::: Data for this task

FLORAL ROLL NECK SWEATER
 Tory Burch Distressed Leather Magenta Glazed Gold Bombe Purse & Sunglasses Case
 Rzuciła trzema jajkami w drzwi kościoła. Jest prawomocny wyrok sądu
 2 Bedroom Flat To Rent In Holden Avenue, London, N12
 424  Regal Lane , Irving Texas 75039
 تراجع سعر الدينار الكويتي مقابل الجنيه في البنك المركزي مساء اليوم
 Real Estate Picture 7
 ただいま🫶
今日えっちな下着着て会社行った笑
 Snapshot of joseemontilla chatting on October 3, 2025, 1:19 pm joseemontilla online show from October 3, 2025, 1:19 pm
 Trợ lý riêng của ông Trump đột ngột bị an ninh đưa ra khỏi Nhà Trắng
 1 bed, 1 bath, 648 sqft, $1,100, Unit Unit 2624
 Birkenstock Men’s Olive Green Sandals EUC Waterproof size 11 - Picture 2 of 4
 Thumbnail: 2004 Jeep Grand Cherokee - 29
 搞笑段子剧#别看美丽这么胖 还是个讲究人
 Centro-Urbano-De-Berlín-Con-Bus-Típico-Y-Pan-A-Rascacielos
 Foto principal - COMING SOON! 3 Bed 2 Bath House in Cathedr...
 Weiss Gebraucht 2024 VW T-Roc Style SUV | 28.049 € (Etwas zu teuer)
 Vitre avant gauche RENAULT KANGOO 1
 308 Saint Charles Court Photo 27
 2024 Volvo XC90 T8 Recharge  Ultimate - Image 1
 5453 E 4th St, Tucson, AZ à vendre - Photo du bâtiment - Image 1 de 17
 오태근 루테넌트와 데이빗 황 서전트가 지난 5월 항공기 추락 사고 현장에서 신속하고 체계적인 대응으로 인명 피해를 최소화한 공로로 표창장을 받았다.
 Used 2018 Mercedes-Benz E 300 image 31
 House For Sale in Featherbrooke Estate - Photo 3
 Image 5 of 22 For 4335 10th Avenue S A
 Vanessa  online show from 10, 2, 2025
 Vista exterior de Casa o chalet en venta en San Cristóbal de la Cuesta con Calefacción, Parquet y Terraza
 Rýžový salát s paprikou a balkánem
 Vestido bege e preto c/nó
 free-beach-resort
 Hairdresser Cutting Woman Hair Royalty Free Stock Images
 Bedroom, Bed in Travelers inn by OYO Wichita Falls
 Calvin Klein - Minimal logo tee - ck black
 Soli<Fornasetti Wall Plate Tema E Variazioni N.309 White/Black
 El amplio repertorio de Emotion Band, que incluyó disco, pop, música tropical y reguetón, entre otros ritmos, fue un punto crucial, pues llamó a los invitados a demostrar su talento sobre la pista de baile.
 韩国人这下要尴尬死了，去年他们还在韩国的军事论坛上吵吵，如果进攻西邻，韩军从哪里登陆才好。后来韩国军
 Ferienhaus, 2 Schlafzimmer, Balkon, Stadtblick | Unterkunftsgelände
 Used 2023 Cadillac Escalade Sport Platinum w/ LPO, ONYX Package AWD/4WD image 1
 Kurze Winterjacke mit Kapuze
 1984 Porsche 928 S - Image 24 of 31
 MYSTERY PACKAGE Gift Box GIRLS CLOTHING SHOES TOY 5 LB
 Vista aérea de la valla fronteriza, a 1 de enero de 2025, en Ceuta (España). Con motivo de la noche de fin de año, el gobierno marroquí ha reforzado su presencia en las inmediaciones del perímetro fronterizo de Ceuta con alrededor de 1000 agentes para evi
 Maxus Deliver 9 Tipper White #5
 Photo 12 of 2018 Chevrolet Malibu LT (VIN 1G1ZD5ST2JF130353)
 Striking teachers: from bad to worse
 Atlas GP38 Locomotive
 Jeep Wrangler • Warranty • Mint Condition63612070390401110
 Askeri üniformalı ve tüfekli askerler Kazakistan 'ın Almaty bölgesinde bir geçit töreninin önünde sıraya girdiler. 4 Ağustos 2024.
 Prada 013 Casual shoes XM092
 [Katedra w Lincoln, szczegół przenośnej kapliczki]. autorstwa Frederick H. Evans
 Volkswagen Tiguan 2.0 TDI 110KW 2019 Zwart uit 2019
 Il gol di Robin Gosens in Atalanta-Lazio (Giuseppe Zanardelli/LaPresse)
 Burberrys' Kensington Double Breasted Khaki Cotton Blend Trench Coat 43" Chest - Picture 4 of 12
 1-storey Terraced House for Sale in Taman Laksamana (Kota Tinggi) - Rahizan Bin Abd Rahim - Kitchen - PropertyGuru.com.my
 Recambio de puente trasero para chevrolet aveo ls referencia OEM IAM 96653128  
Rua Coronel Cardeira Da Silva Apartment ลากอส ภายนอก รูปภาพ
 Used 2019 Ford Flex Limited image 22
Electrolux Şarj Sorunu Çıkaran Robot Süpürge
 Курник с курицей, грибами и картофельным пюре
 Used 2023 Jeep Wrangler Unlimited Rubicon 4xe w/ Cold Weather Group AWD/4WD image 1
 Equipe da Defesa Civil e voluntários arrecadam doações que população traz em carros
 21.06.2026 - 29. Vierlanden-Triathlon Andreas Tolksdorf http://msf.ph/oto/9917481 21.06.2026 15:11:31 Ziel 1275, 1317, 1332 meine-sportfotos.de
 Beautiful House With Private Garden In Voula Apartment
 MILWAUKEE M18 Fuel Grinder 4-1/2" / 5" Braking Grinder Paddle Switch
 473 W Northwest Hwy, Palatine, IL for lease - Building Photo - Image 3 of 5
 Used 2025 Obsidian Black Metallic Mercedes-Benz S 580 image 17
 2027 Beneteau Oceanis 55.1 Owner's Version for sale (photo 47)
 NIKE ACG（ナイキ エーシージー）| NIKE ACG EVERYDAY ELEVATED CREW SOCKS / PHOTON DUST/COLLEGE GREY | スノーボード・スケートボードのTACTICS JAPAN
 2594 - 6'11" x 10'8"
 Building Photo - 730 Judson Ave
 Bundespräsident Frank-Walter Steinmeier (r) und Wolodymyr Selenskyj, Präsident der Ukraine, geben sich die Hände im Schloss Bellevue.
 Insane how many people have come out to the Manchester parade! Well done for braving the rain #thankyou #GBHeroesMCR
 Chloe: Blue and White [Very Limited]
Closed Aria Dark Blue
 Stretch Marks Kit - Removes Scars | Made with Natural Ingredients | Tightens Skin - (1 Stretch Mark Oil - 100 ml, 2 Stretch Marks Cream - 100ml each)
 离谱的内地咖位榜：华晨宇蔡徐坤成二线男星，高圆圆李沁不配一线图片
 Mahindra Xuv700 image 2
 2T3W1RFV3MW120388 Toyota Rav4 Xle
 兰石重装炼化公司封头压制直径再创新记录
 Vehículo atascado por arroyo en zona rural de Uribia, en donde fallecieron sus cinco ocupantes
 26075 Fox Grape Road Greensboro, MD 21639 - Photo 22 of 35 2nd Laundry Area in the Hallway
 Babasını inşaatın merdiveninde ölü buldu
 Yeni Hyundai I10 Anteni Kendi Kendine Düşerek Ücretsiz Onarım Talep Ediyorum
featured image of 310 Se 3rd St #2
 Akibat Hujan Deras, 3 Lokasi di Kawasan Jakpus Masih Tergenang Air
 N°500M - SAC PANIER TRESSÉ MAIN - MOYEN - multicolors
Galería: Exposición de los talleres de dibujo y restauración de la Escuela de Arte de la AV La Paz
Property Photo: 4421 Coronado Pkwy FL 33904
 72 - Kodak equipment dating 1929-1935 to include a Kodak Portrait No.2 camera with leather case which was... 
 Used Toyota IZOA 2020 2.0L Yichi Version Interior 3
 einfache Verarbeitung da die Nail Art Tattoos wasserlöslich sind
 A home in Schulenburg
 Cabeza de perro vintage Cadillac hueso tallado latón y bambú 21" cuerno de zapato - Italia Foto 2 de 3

::::::

What to produce →
In the data above, find the line with "Burberrys' Kensington Double" and the line with "2027 Beneteau Oceanis". Retype both, plus every line between them, exactly.

Result for this exercise →
 Burberrys' Kensington Double Breasted Khaki Cotton Blend Trench Coat 43" Chest - Picture 4 of 12
 1-storey Terraced House for Sale in Taman Laksamana (Kota Tinggi) - Rahizan Bin Abd Rahim - Kitchen - PropertyGuru.com.my
 Recambio de puente trasero para chevrolet aveo ls referencia OEM IAM 96653128  
Rua Coronel Cardeira Da Silva Apartment ลากอส ภายนอก รูปภาพ
 Used 2019 Ford Flex Limited image 22
Electrolux Şarj Sorunu Çıkaran Robot Süpürge
 Курник с курицей, грибами и картофельным пюре
 Used 2023 Jeep Wrangler Unlimited Rubicon 4xe w/ Cold Weather Group AWD/4WD image 1
 Equipe da Defesa Civil e voluntários arrecadam doações que população traz em carros
 21.06.2026 - 29. Vierlanden-Triathlon Andreas Tolksdorf http://msf.ph/oto/9917481 21.06.2026 15:11:31 Ziel 1275, 1317, 1332 meine-sportfotos.de
 Beautiful House With Private Garden In Voula Apartment
 MILWAUKEE M18 Fuel Grinder 4-1/2" / 5" Braking Grinder Paddle Switch
 473 W Northwest Hwy, Palatine, IL for lease - Building Photo - Image 3 of 5
 Used 2025 Obsidian Black Metallic Mercedes-Benz S 580 image 17
 2027 Beneteau Oceanis 55.1 Owner's Version for sale (photo 47)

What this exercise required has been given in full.